FAQs - Inclement Weather
How does PWCS determine if schools should open as normal, run on a delayed schedule, or remain closed when inclement weather is forecast or is occurring.
The safety of students, employees and their families is our number one priority in determining if schools should open as normal, run on a delayed schedule, or remain closed when inclement weather creates potentially dangerous conditions.
When rough weather hits, PWCS survey teams fan out in the wee hours of the morning across the nearly 350 square miles served by the School Division. They assess actual weather and travel conditions, also checking for additional hazards such as power outages. We also consider multiple weather forecasts in the decision-making process, as expected rising temperatures and sunshine may produce marked improvement in the span of a two-hour delay. In contrast, continuing precipitation and other factors can indicate that travel will remain risky. We always err on the side of safety. Consequently, residents in one part of the county may experience passable conditions despite whether that poses a serious transportation risk elsewhere in the Division.
Why doesn't PWCS simply divide the county into multiple areas and make individual closing decisions for each?
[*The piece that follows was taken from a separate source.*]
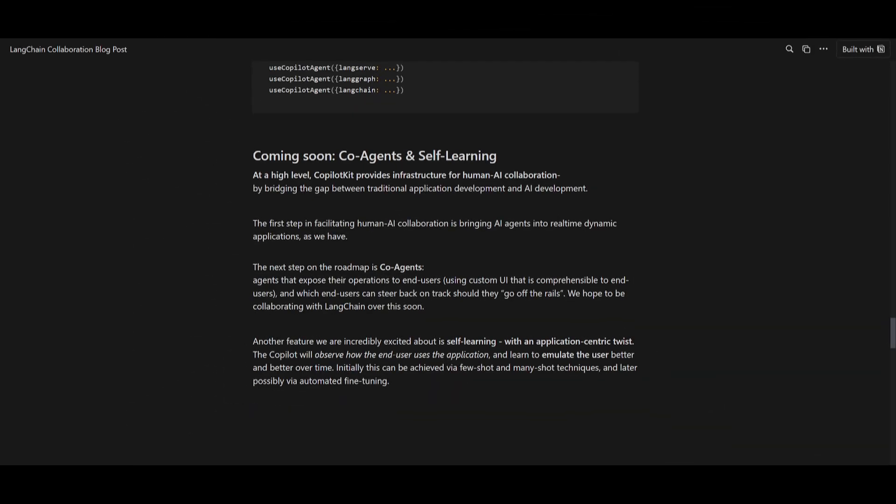Now, in upcoming releases, Copilot kit is going to actually introduce another concept and another feature, which is co-agents and self-learning features. This is something that's going to enhance the human AI collaboration, where co-agents are going to allow user intervention to steer agent operations with potential collaboration with Langchain.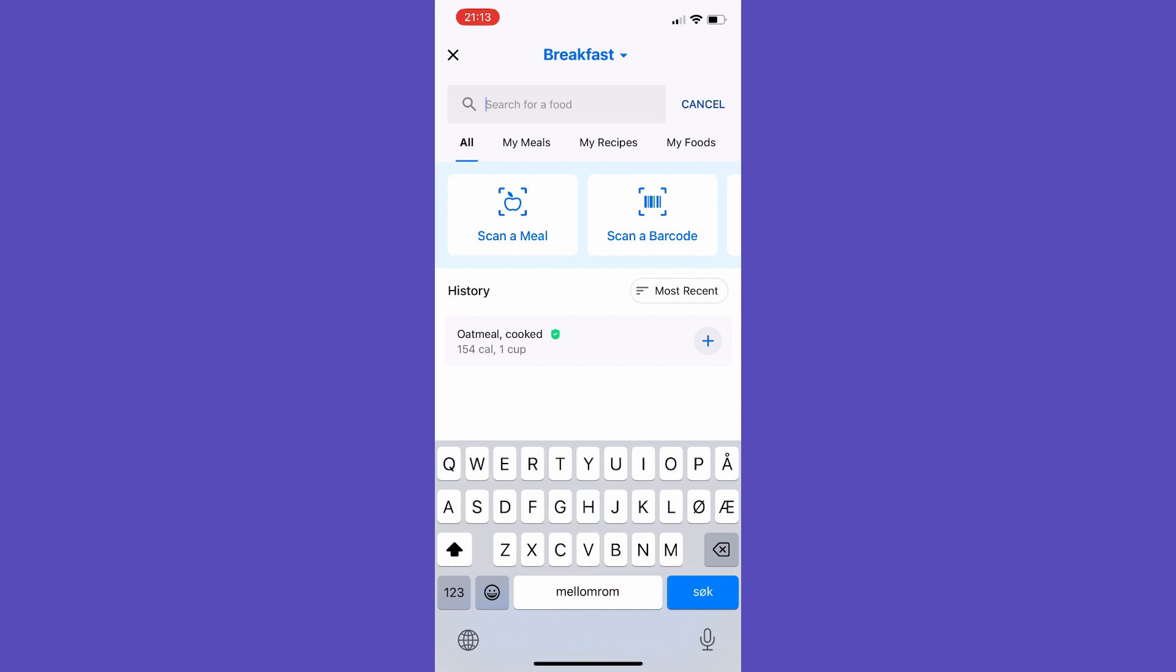So this is how you add food in MyFitnessPal. Thanks for watching, subscribe.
The simple answer is that no school or geographic area of the Division is an island. Teachers, support staff, and even many students travel every day to their respective schools from other areas of the county and beyond. We must ensure their safety and, to the extent possible, avoid weather-related schedule changes that affect some family members and not others. Fully aligned Divisionwide schedules permit buses and other resources to safely serve multiple schools, no matter what their location with respect to an artificial boundary. We must also ensure that Divisionwide schedules remain synchronized so every school can complete required testing, training, and grading, provide scheduled vacation time, and stay in compliance employee contracts, all while delivering no less than the minimum class time required by law.
It would require a significant infusion of resources to enable regional zones to be fully independent, but doing so would negate the value of shared Divisionwide resources, eliminate few of the stated obstacles to unified decision-making, and do nothing to enhance the margin of safety provided by our current process.
We know it can be shocking to learn that schools are closed, while seeing very little ice or snow on the roads. Please understand that, given the realities and limitations we face, we are making the best possible call to keep people safe across all of Prince William County. We are confident that you share our determination not to take chances with safety.